What to do » All records below must be reproduced exactly, although any pictures they contain are to be omitted.

(Saved entries)
####
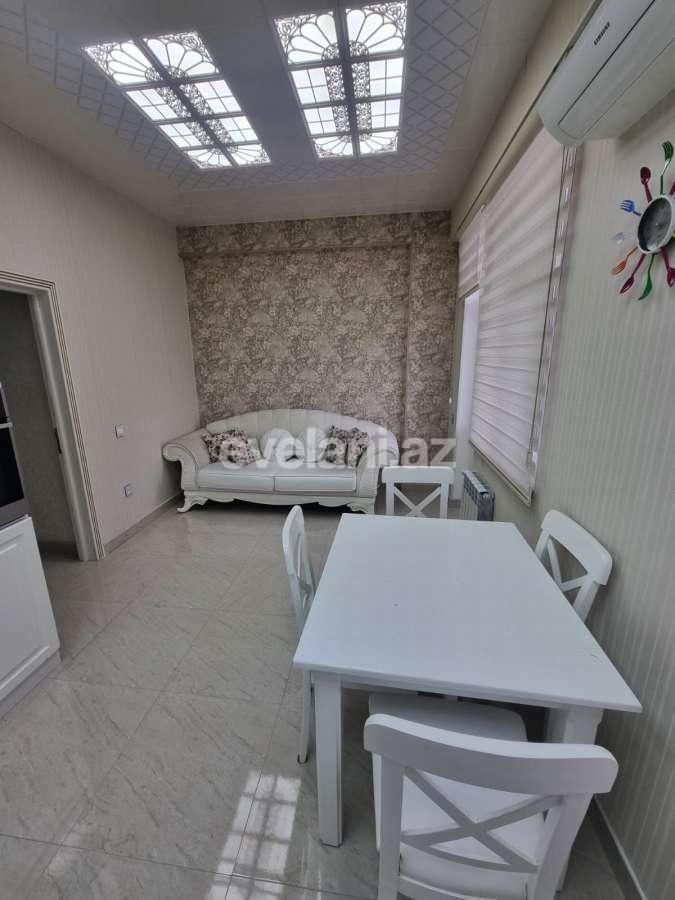 Rent, new building, 3 room, 141 m², Baku, Khatai r, Shah Ismail Khatai m.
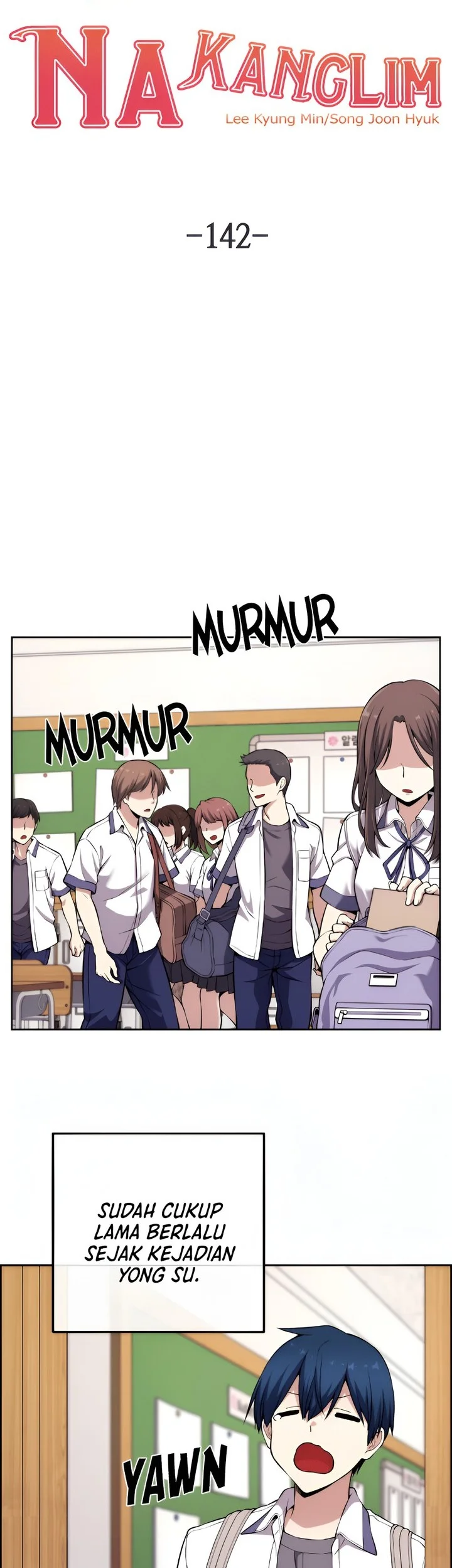 Webtoon Character Na Kang Lim Chapter 142 - halaman 34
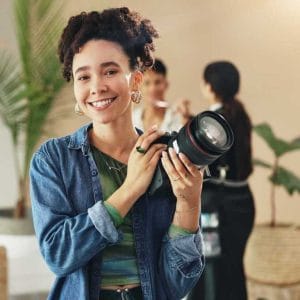 a person doing their job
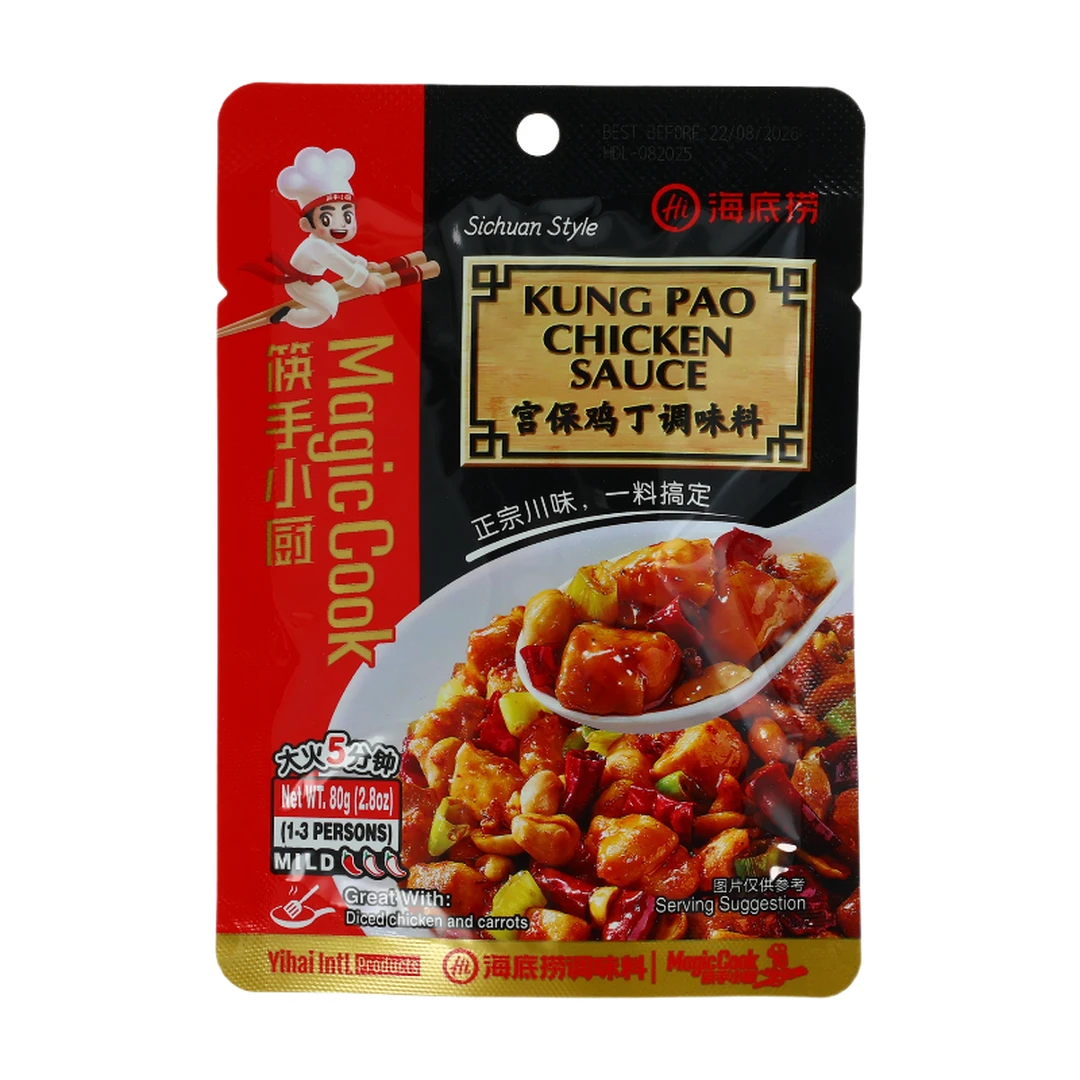 Haidilao Würzmischung für Kung Pao Chicken 80 g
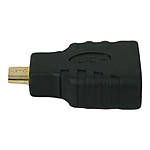 HDMI-Female-Micro HDMI Male Adaptor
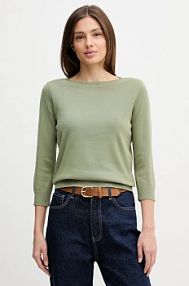 Sweter United Colors of Benetton  zielony damski 1C19D10G1
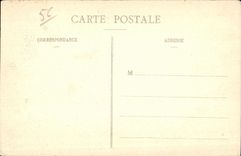 CPA Morblhan Josselin el castillo (ataque frontal interior)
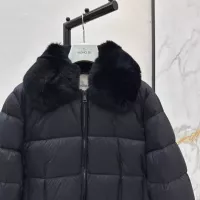 Cheap Moncler Down Feather Coat Long Sleeved For Women #1371102 Replica Wholesale [$192.00 USD] [ITEM#1371102] on Replica Moncler Down Feather Coat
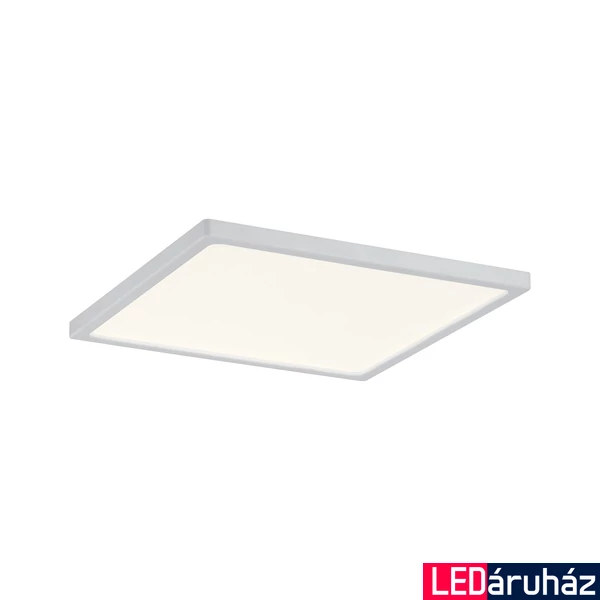 Paulmann 92949 Areo LED panel, 180 mmx180 mm, négyzet, fehér, 3000K melegfehér, beépített LED, 1350 lm, IP23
####
Answer to the exercise »
 Rent, new building, 3 room, 141 m², Baku, Khatai r, Shah Ismail Khatai m.
 Webtoon Character Na Kang Lim Chapter 142 - halaman 34
 a person doing their job
 Haidilao Würzmischung für Kung Pao Chicken 80 g
 HDMI-Female-Micro HDMI Male Adaptor
 Sweter United Colors of Benetton  zielony damski 1C19D10G1
 CPA Morblhan Josselin el castillo (ataque frontal interior)
 Cheap Moncler Down Feather Coat Long Sleeved For Women #1371102 Replica Wholesale [$192.00 USD] [ITEM#1371102] on Replica Moncler Down Feather Coat
 Paulmann 92949 Areo LED panel, 180 mmx180 mm, négyzet, fehér, 3000K melegfehér, beépített LED, 1350 lm, IP23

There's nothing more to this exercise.